**Task statement**
Working from the top of the listing below, retype each line through the line containing "Family Vacation Hawaii T-Shirt", both included, with no pictures.

**Dataset records**
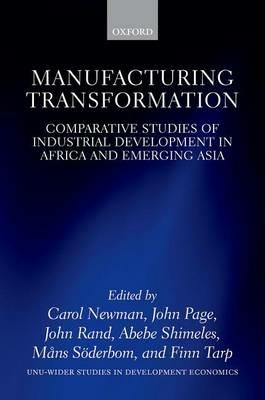 Manufacturing Transformation: Comparative Studies of Industrial Development in Africa and Emerging Asia - cover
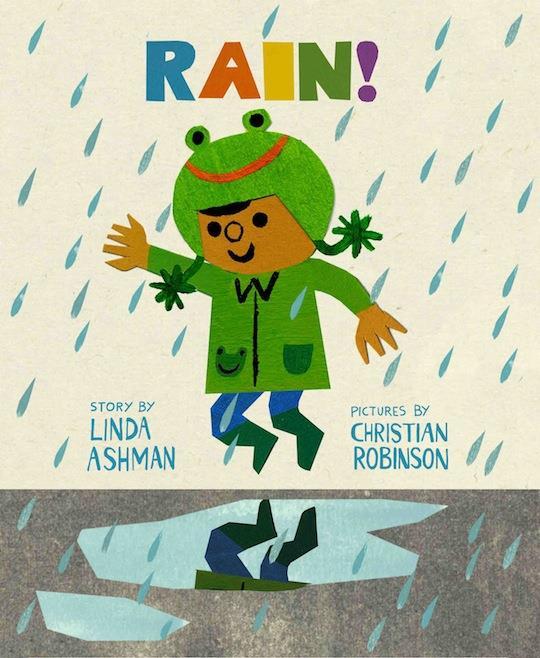 Title: Rain! Publisher: Houghton Mifflin Books for Children (March 5, 2013) Author: Linda Ashman ISBN-13: 978-0547733951 WIDA Level: Emerging- Bridging Grade level Equivalent: 2.
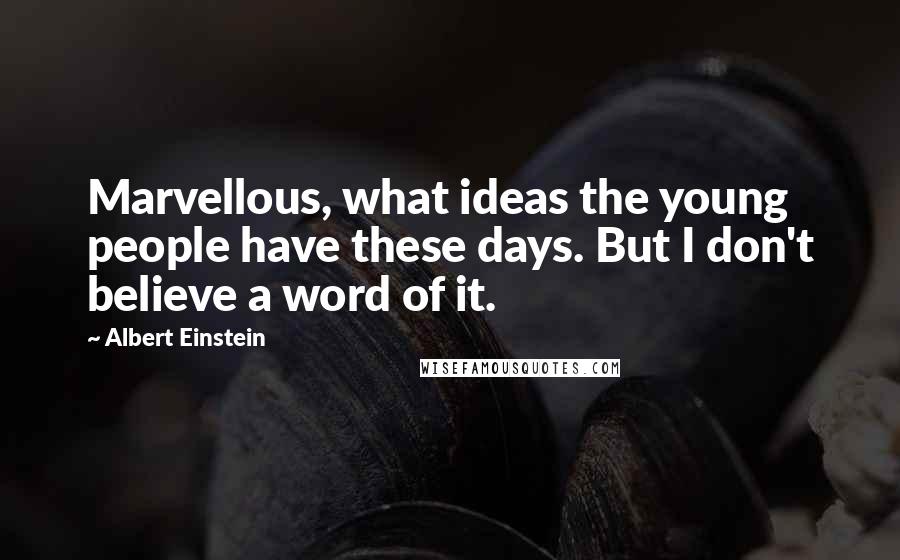 Albert Einstein Quotes: Marvellous, what ideas the young people have these days. But I don't believe a word of it.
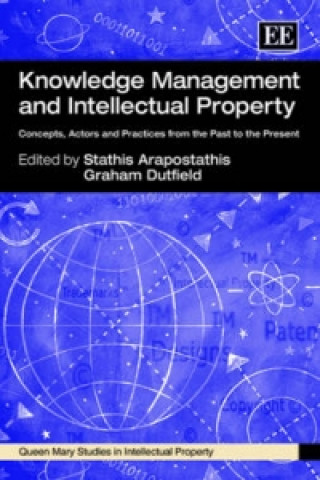 Buch Knowledge Management and Intellectual Property - Concepts, Actors and Practices from the Past to the Present Graham Dutfield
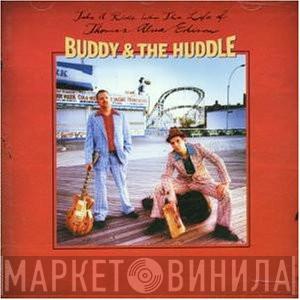 Buddy & The Huddle - Take A Ride Into The Life Of Thomas Alva Edison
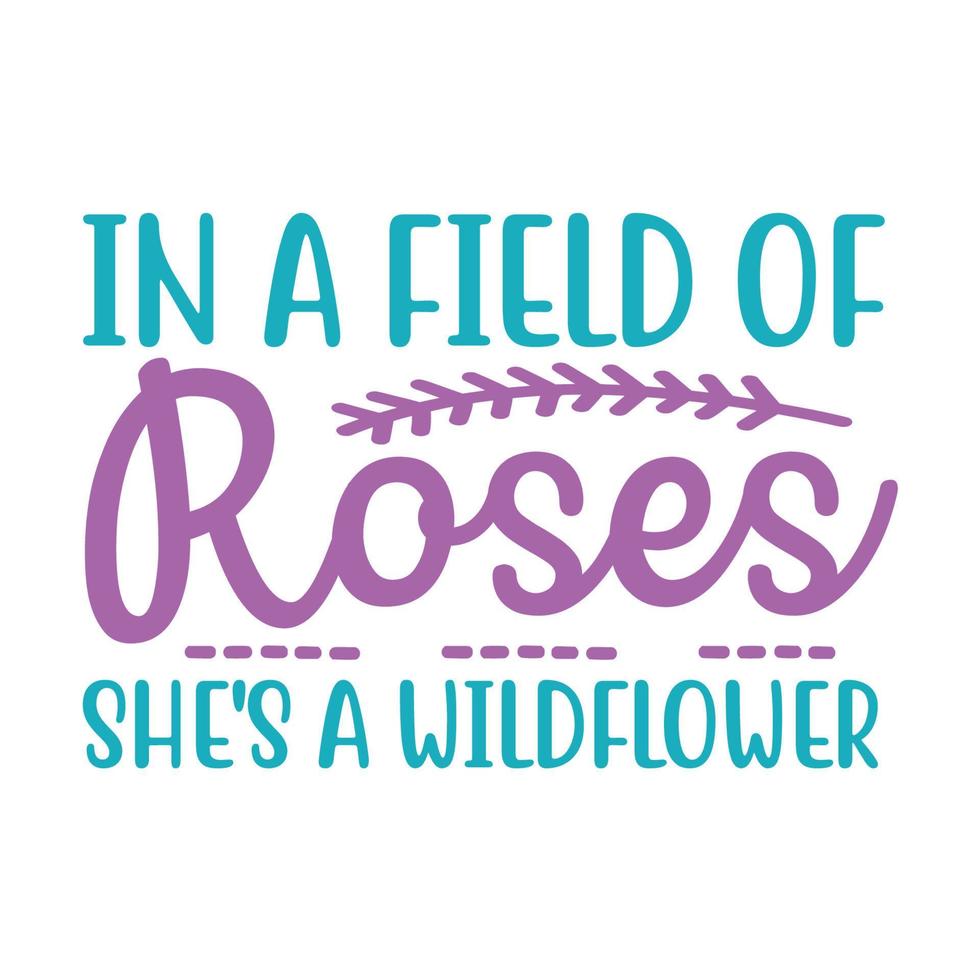 In a field of roses shes a wildflower  Vector illustration with hand-drawn lettering on texture background prints and posters. Calligraphic chalk design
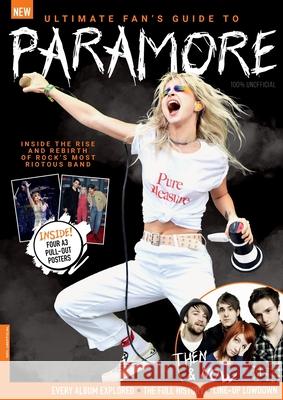 Ultimate Fan's Guide to Paramore Future Publishing 9781805216117 Future Plc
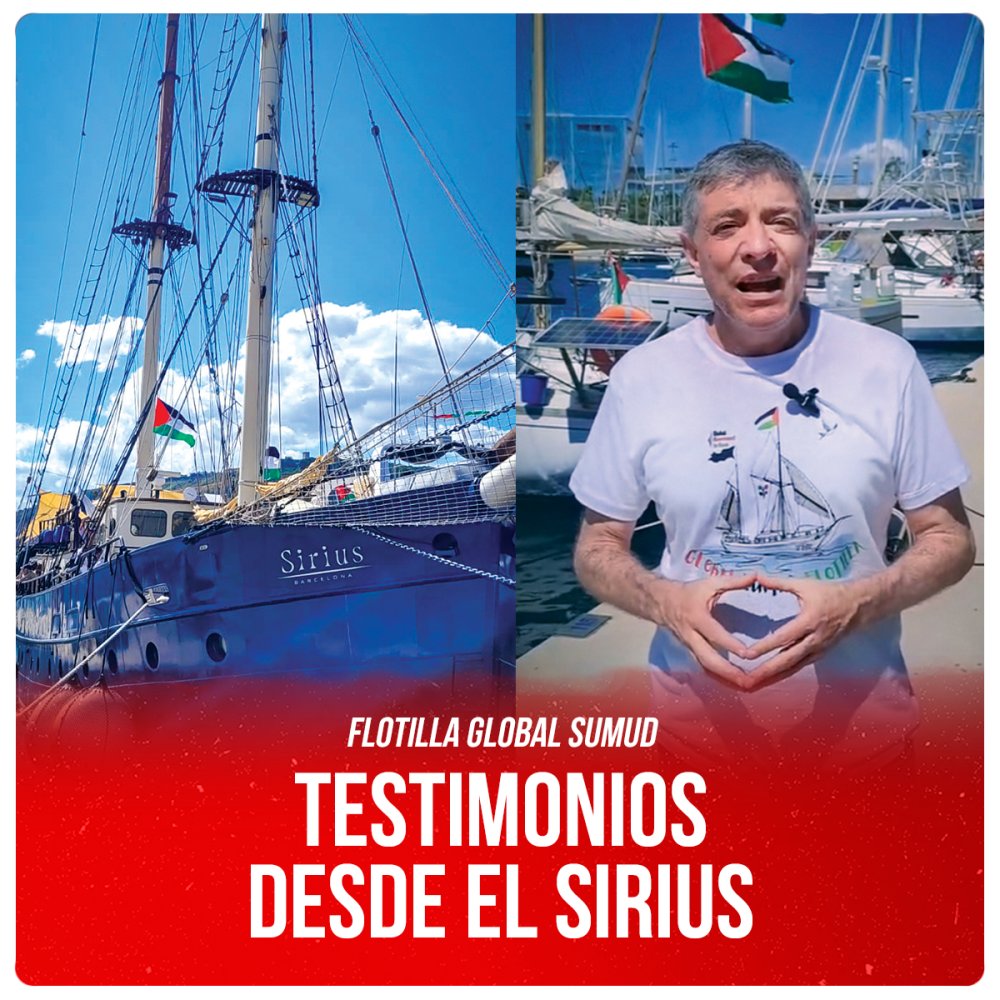 Flotilla Global Sumud / Testimonios desde el Sirius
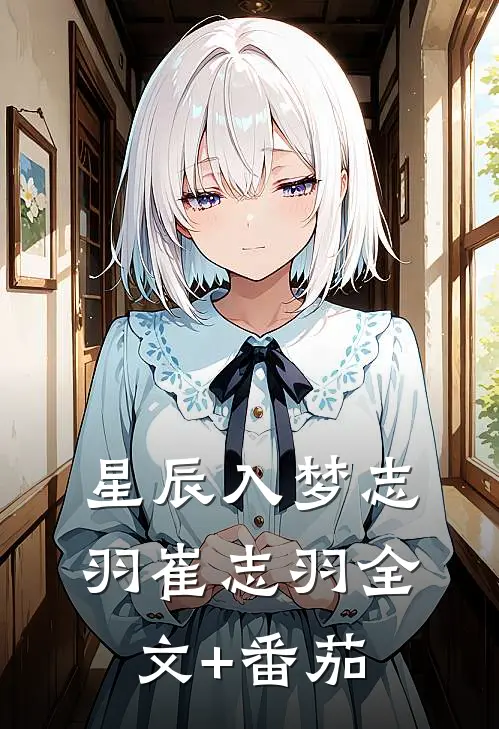 星辰入梦志羽崔志羽全文+番茄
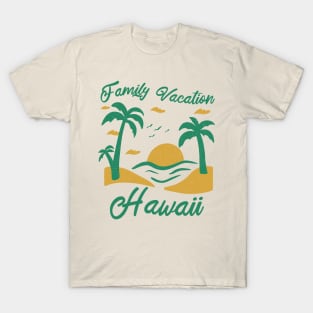 Family Vacation Hawaii T-Shirt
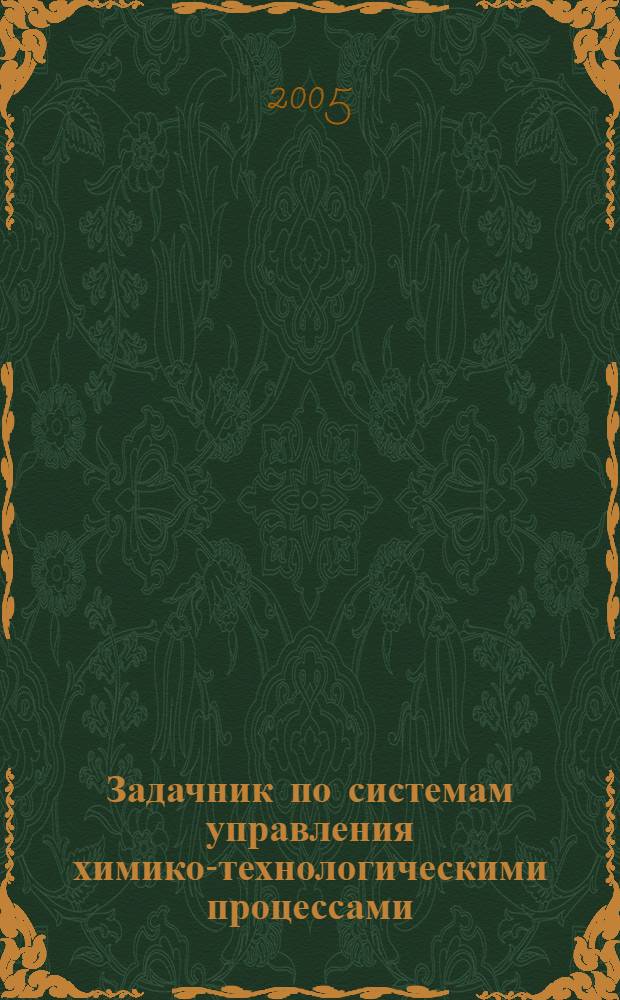 Задачник по системам управления химико-технологическими процессами : учеб. пособие для студентов вузов, обучающихся по хим.-технол. направлениям подгот. бакалавров и дипломир. специалистов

**Your solution**
 Manufacturing Transformation: Comparative Studies of Industrial Development in Africa and Emerging Asia - cover
 Title: Rain! Publisher: Houghton Mifflin Books for Children (March 5, 2013) Author: Linda Ashman ISBN-13: 978-0547733951 WIDA Level: Emerging- Bridging Grade level Equivalent: 2.
 Albert Einstein Quotes: Marvellous, what ideas the young people have these days. But I don't believe a word of it.
 Buch Knowledge Management and Intellectual Property - Concepts, Actors and Practices from the Past to the Present Graham Dutfield
 Buddy & The Huddle - Take A Ride Into The Life Of Thomas Alva Edison
 In a field of roses shes a wildflower  Vector illustration with hand-drawn lettering on texture background prints and posters. Calligraphic chalk design
 Ultimate Fan's Guide to Paramore Future Publishing 9781805216117 Future Plc
 Flotilla Global Sumud / Testimonios desde el Sirius
 星辰入梦志羽崔志羽全文+番茄
 Family Vacation Hawaii T-Shirt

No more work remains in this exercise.